Segundo Eunício, o momento lembra a Assembleia Nacional Constituinte, em 1987, quando vários grupos de interesse compareciam ao Congresso Nacional para apresentar suas demandas e buscar garantia de direitos.
Da mesma forma, disse Eunício, o Congresso tem agora o dever de equilibrar os interesses, diante da importância do assunto e da passagem do Código Penal vigente desde a década de 1940 para a nova legislação.

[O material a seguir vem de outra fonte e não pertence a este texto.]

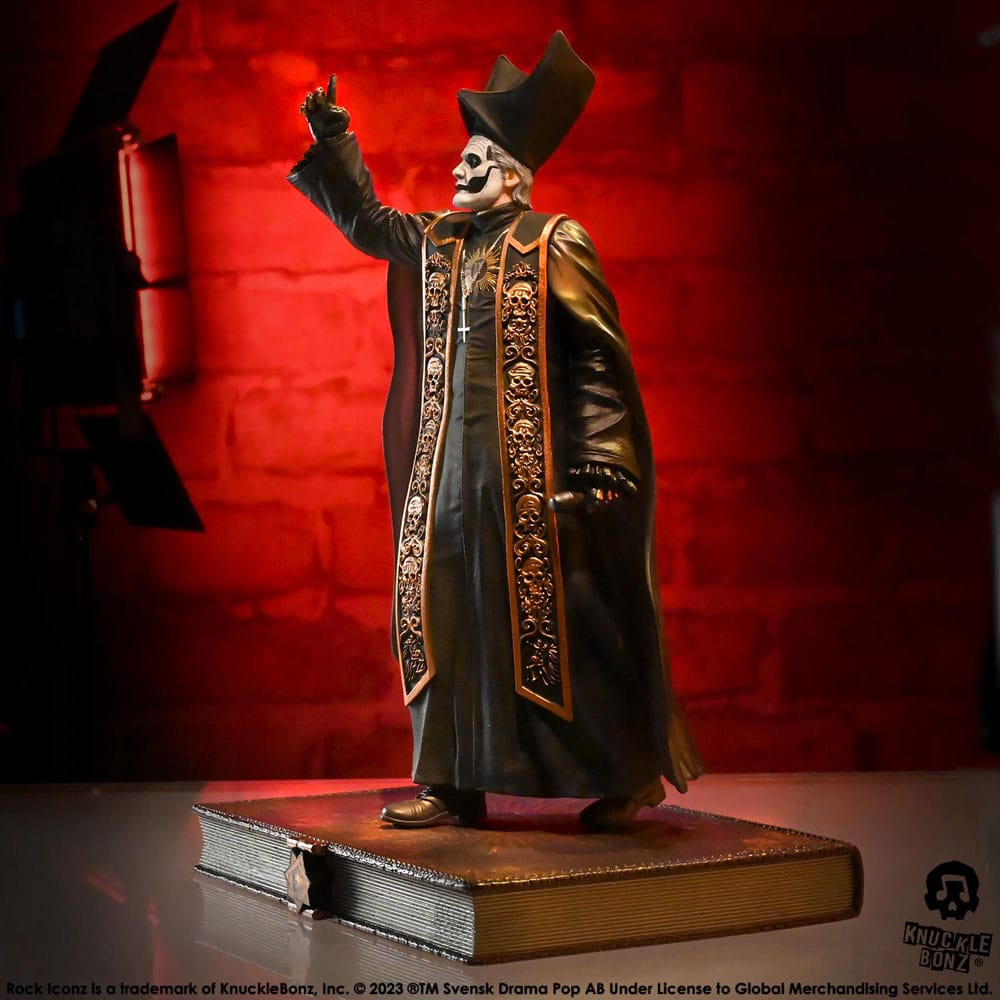 Ghost Rock Iconz Statue 1/9 Papa Emeritus IV (Black Robes) 22 cm - Image 7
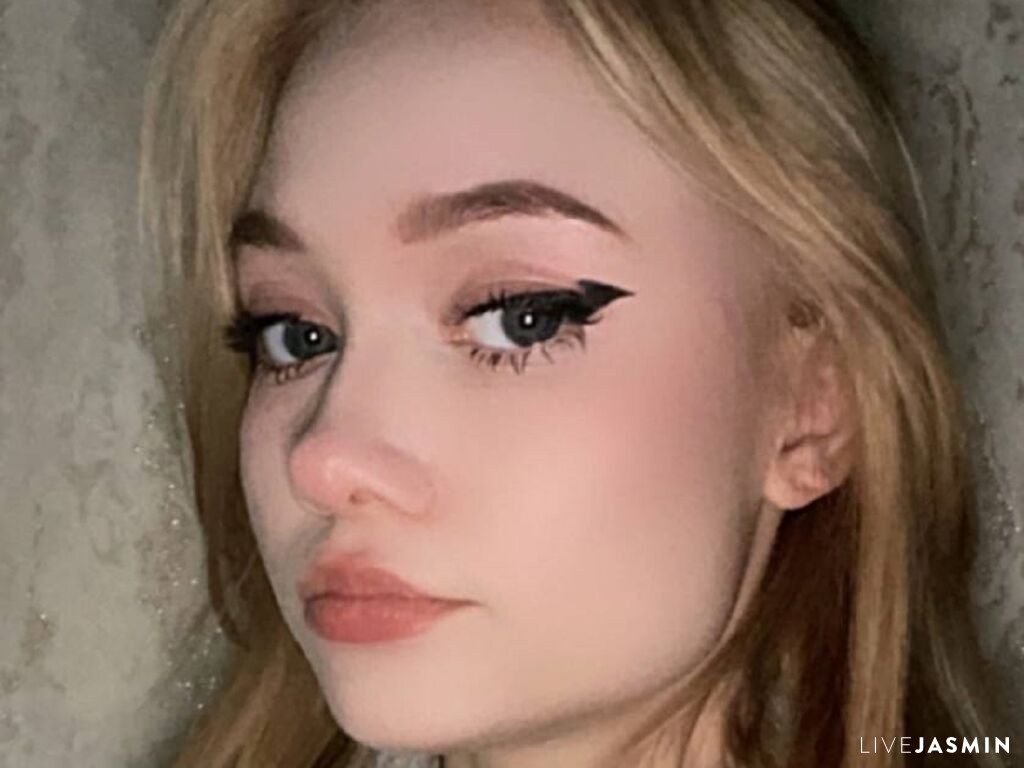 Nude sex cam model CecilyBurnard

Eunício disse que o atual código foi feito numa época de um Brasil predominantemente rural. Com as adições legais, ao longo do tempo, o código se tornou “uma colcha de retalhos”, observou. O senador registrou que, hoje, o Brasil é urbano, plural, moderno e globalizado e as leis precisam se adaptar a essa realidade.
O parlamentar cearense reconheceu que o código tratará de temas polêmicos, como aborto e drogas. Eunício lembrou que, no anteprojeto elaborado por juristas, algumas condutas foram descriminalizadas, enquanto outras passaram a ser tratadas como crimes.
O senador elogiou a comissão de juristas por ter trabalhado “com cuidado e competência”. O senador ressaltou que o anteprojeto tem mais de 500 artigos, contra 350 do atual código, e acrescentou que a comissão que preside vai trabalhar com muita dedicação.
– A legitimidade outorgada aos deputados e senadores nos capacita a alcançar o equilíbrio entre as proposições sugeridas e o sentimento majoritário da população brasileira – disse o senador.